Remettre l’apprentissage de nos langues respectives au cœur de l’amitié franco-allemande
L’idée que le traité de l’Élysée a contribué à rapprocher les sociétés des deux pays est une chimère : c’est d’abord l’apprentissage et la connaissance de leur langue respective. Or, il faut faire face à un triste constat : les Français et les Allemands parlent de moins en moins la langue de leurs voisins.
L’Office fédéral de la statistique (Destatis) a publié, à l’occasion de la commémoration de la signature du traité de l’Élysée, une enquête sur l’apprentissage de la langue française en Allemagne. Il en ressort ainsi que de moins en moins d’écoliers en Allemagne apprennent le français comme langue étrangère. Durant l’année scolaire 2021-2022, c’était le cas de 1,29 million d’élèves sur 8,44 millions, soit 15,3%. Il s’agit du taux le plus faible depuis l’année scolaire 1994-1995 (15,1%). Les chiffres en France sont plus inquiétants encore : selon le journal Les Échos, en 1995, plus de 600 000 élèves apprenaient l’allemand comme première langue. Ils n’étaient que 231 000 en 2015, et seulement 147 000 en 2021.
L’école et les associations ne sont pas considérées comme les principaux moteurs de l’amitié franco-allemande. Selon l’étude Ipsos, seulement 13% des Allemands et un peu plus de 18% des Français voient l’école comme la source principale de l’amitié franco-allemande. Il n’est donc pas surprenant que les acteurs politiques soient perçus comme les principaux promoteurs du couple franco-allemand : 61% des Français et 73% des Allemands pensent que les dirigeants politiques jouent le plus grand rôle dans la coopération entre les deux pays.
Une union franco-allemande en question ?
Dans ce contexte, les festivités organisées à la Sorbonne constituaient un véritable miroir de l’état actuel de la coopération entre les deux pays.
Pour aller au-delà de ce spectacle mis en scène par et pour les hommes politiques des deux rives du Rhin, on aurait pu souhaiter que les deux pays donnent un peu plus de substance et de chaire à cette journée en initiant partout sur leur territoire des manifestations culturelles, des événements sportifs et des rencontres entre les sociétés civiles des deux pays. Paris et Berlin ont orchestré un colloque politique : il aurait fallu organiser une fête populaire.
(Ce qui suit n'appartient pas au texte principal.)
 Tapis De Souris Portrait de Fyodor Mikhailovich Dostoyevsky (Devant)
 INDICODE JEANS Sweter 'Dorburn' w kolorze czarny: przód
Désormais, place au réel et à ce que le chancelier Olaf Scholz a nommé la « machine du compromis ». Même si quelques associations et clubs de réflexions, à l’image de l’Association pour un état fédéral franco-allemand, le définissent toujours comme un de leurs objectifs ultimes, le rêve de voir l’amitié franco-allemande se développer à l’avenir en une union franco-allemande est bien loin.
Avant de rêver, il importe de consolider les bases et de solidifier autant que possible une amitié franco-allemande qui ne va pas de soi. Pour ce faire, il ne faut surtout pas tenter de dissimuler les problèmes bien réels qui vont continuer à jalonner notre histoire commune. Il faut au contraire les anticiper, les expliquer, et les discuter. Il a fallu beaucoup de travail pour permettre au couple franco-allemand d’atteindre les soixante ans, mais ce travail n’est pas fini : malgré cet âge avancé, la retraite n’est pas pour tout de suite.